Disclaimer: The following account suffers from both my hazy memory and the demands of expediency, so the best I can say about it is that it is mostly accurate.

-- CurtisBartley

***** Logging Project I *****

Around August of 1999 my team started work on a distributed application. The bulk of the system was being written by a team in another city, but my team was responsible for a major subsystem.

My job was to implement a number of services that would make up part of a distributed application. I knew from the beginning that we were going to need some sort of logging system. This wasn't because the customers requested it (they didn't) or because the official architecture called for it (it didn't). What I knew for sure was that I was going to need it, first as an aid in debugging my own components during development and second because I knew yours truly was going to be expected to troubleshoot the production system.

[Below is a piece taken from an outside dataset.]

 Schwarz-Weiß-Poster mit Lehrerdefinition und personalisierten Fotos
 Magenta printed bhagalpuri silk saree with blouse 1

It's worth noting that Project I was going to be operated by my company but sold through resellers who were going to resell it to the ultimate end-customers. To make it more complicated, the end-customers (who would pay for the service) were buying it to service their own clients. We attempted to identify all the different roles involved in the usage of the system, giving us (at least), clients, two kinds of end-customers, customer-support people at the re-sellers, and customer-support people working for my company. However, we failed to identify operations at my company as an important role, and we didn't attempt to interview the operations people we had working on other projects, although in hind-sight that would have been a good idea. It's also worth pointing out that although we got some money from our resellers, most of the development effort was funded with my company's money. So even if we'd been doing the entire project at one site, it still would have been impossible to use the standard ExtremeProgramming process.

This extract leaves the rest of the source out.